As you may be aware, the government has decreed that the south east of England must be crammed with expensive new houses, even though the region has insufficient water during drier summers to supply the houses it already has. Where possible, new building is required to be on "Brownfield sites", most of which are actually gardens. If a council refuses planning permission, the developer can appeal. If the appeal court judge rules that the council has not acted in accordance with government policy, he will overturn the decision, allow the development and order the council to pay the legal costs of both sides with Council Tax payers' money. If, however, planning permission is wrongly granted, neighbours have no right of appeal, unless they can afford a Judicial Review costing upwards of £40,000. As is usual in local government, the system is designed to serve the rich, not the just.

So was Dacorum Borough Council honest about the reasons why it could not refuse permission for this development? Of course not. Honesty is not the way of Dacorum Borough Council.

Planning Officer Jackie Ambrose provided the Development Control Committee with a report recommending that planning permission for the development be granted. This made no mention of Government Planning Policy Guidance. It looked more like the output of a property developers' agent than that of a professional planning officer paid by the taxpayer to serve the public. It was also a sloppy piece of work containing a succession of factual errors.

The officer's report stated that "this scheme will reintroduce the public footpath in front of the site" and "would create a continuous footpath down this side" of the street. There has never been a public footpath in front of the site during the thirty nine years that I have lived next door. This scheme will not create a footway along this side the road, except for the few yards along the front of the site.

The report contained a ludicrous claim that parking within ten feet of my front bedroom window would cause no more noise than parking in the street, which is at least twenty feet away.

The report described "a high trimmed privet hedge" at the front boundary of the site. The privet was taken out more than fifteen years ago and replaced by Cupressus leylandii. Did Mrs.

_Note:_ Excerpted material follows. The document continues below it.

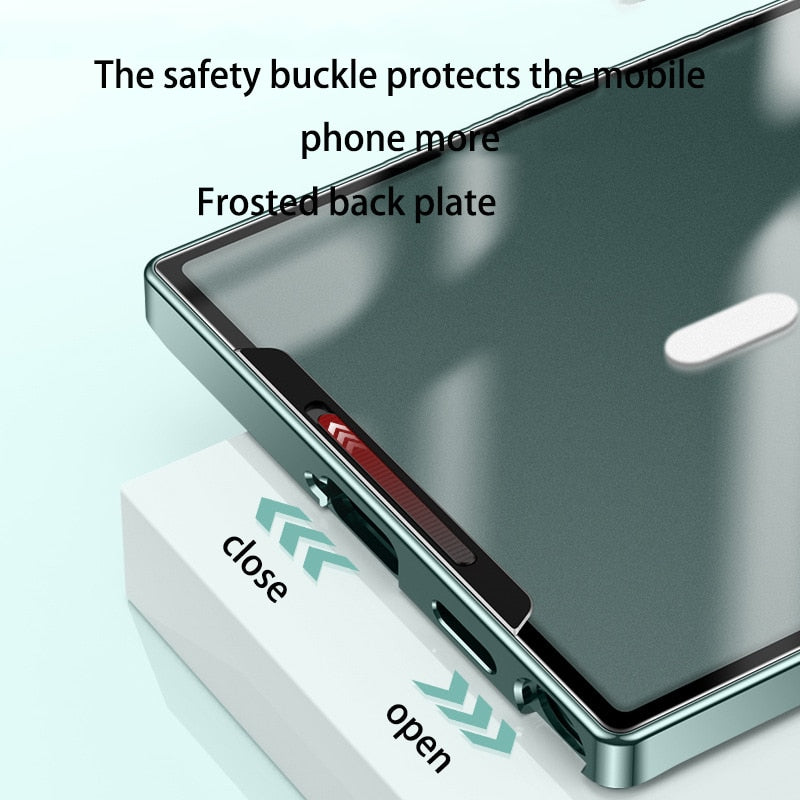 Pro Magsafe case For Galaxy S21 S22 Series - casetiphone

Ambrose take the trouble to visit the site, or did Mrs. Ambrose rely upon outdated information collected at the time of a previous planning application, when the street contained four fewer dwellings and no nursery school was using the street for access?

The report also described a block of flats at the foot of the road as "nine elderly persons' flats". The flats are not elderly persons' dwellings. Most of the residents are far from elderly, and would be entitled to feel insulted by this description. Sadly, the neighbours are well used to being insulted by the incompetent and dishonest officers of Dacorum Borough Council, and by the cowardly councillors who insist that the officers are always right.

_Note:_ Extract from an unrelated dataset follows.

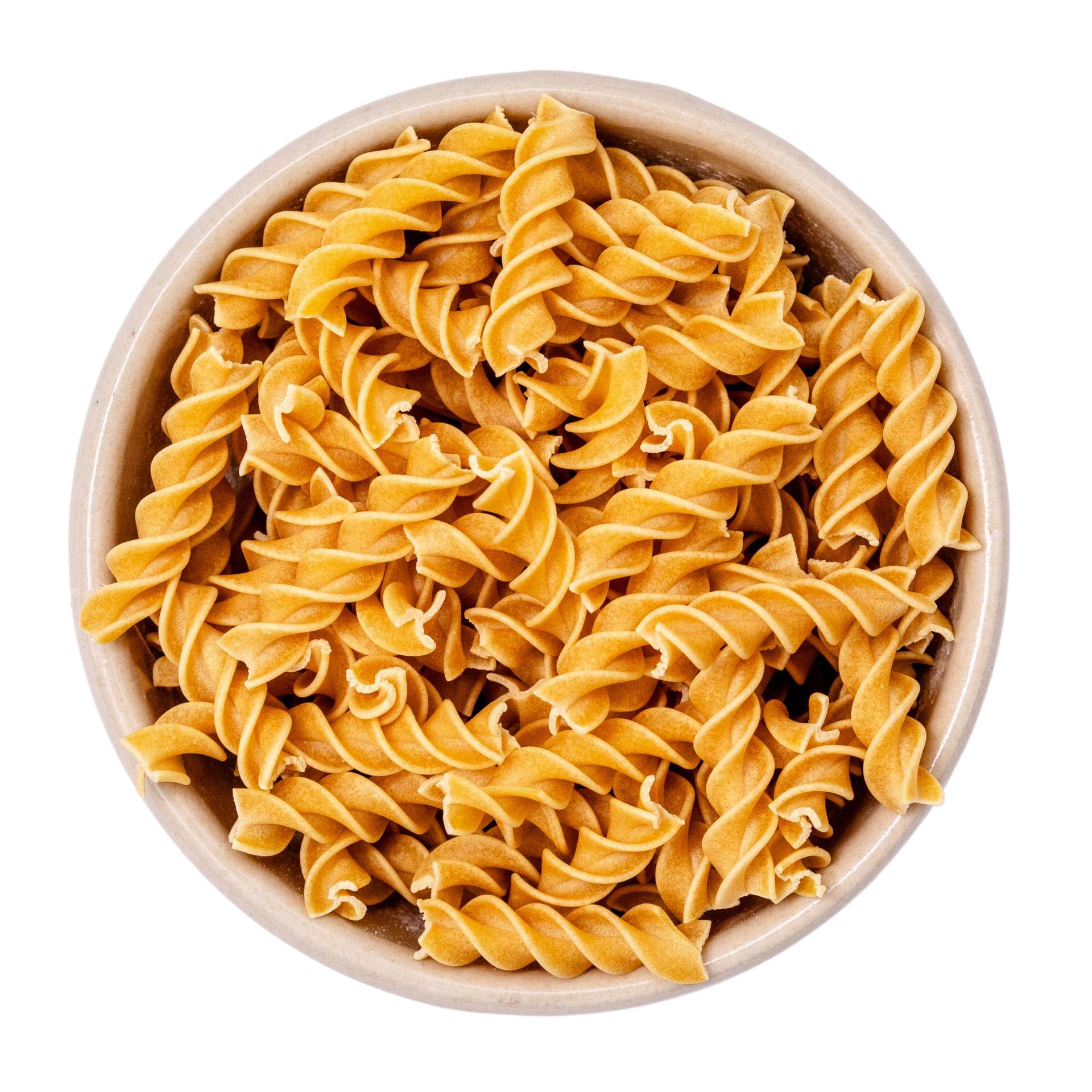 Fusilli de grão-de-bico Biológico sem glúten 10kg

Another neighbour and I spoke to the Development Control Committee regarding the likely effects of the development upon residents and the erroneous nature of Mrs. Ambrose's report. We would have been better off speaking to a brick wall. A brick wall is straighter than Dacorum Borough Council.

The committee was then addressed by Planning Officer Briony Curtain, who refused to accept correction of a single error in the report. She insisted on repeating that the hedge was "Privet". Speaking in the fluent patter of the shameless liar, she also added the ridiculous claim that there would be less overlooking of my back garden from the rear windows of the new buildings than from those of the existing property, even though the new windows would be both higher and closer to the boundary than those existing. The limitations of my computer system prevent me from including a diagram, but if readers draw a rough sketch of their own they will see that higher windows closer to the boundary make a greater degree of overlooking inevitable.

It will be curtains for Briony eventually. Those who sell their soul to the devil in return for the material pleasures of life generally find that the devil cheats them.

The meeting was also attended by Jane Custance, the so-called "Development Control Manager". Whatever she contributes to the Council Tax payer in return for her generous salary, Mrs. Cowardly Custance does not manage to control development.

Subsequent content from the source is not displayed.